Abstract:
The proliferation of hate speech on social media poses significant challenges to social cohesion
and stability, particularly in Ethiopia. This research investigates approaches to detecting and
classifying Amharic hate speech on Facebook using deep learning techniques. To address these
challenges, this study developed a multi-class hate speech detection system focusing on three
critical categories: ethnic, political, and religious hate speech. Using a comprehensive dataset
of 4,067 Facebook posts from pages with over 50,000 followers, the study manually
categorized content into three hate speech types: ethnic (1,497 posts), political (1,320 posts),
and religious (1,250 posts). The study employed two deep learning models, specifically
Convolutional Neural Networks (CNN) and Long Short-Term Memory (Bi-LSTM) networks,
to analyze and classify hate speech. The dataset underwent meticulous preprocessing through
tokenization, text cleaning, and normalization techniques to ensure data quality. This study
evaluates the effectiveness of Bi-LSTM and CNN deep learning models in classifying Amharic
hate speech into ethnic, political, and religious categories. The Bi-LSTM model outperformed
CNN, achieving a weighted average precision and recall of 0.83 and overall accuracy of 0.83,
compared to CNN's 0.80 across all metrics.

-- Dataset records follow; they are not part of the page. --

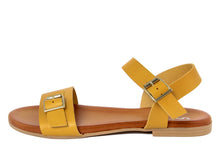 Carica l'immagine nel visualizzatore di Gallery, Sandali flat Donna in Pelle Giallo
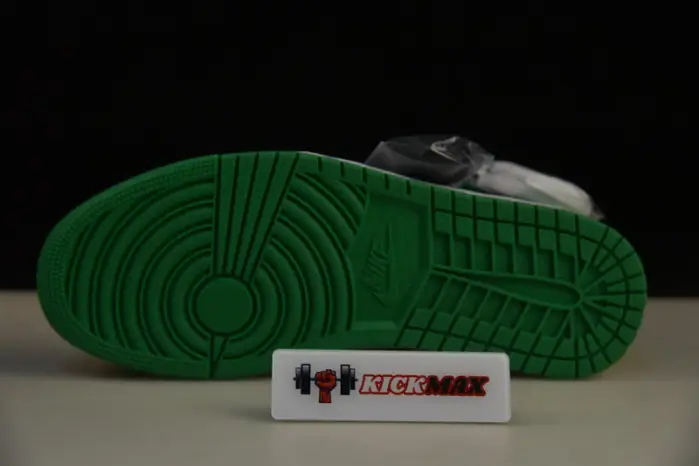 Jordan 1 Retro High OG Lucky Green- 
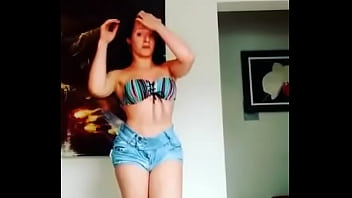 Preview 4 of Liza Biggs Bbw - Morena rabuda com shortinho rasgado - BDF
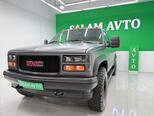 GMC Suburban-3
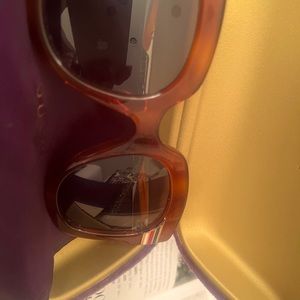 GUCCI tortoiseshell GUCCI GG logo and red, blue& white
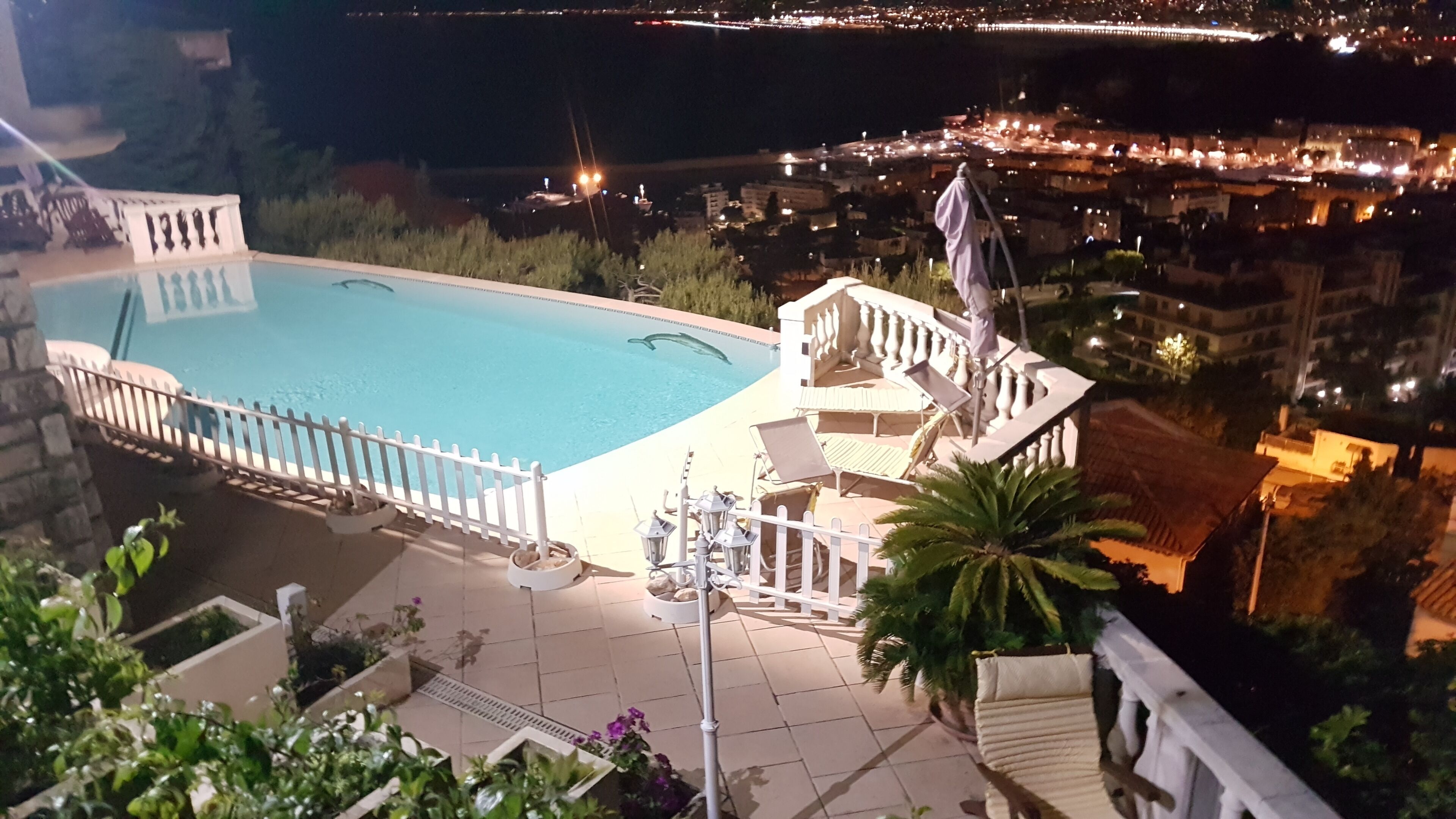 Outdoor pool, an infinity pool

While both models demonstrated strong
performance, Bi-LSTM showed superior capability in capturing contextual information and
maintaining consistent classification accuracy across categories. Moreover, the study
highlighted potential challenges in the practical implementation of deep learning-based hate
speech detection systems, such as managing code-switching, adapting to evolving language
patterns, and ensuring fairness and transparency. Therefore, the study recommended that
collaboration with various stakeholders is crucial for the successful implementation and
continuous improvement of the system. This includes working with social media platforms,
government agencies, and civil society organizations to integrate the models into content
moderation pipelines and policy enforcement frameworks.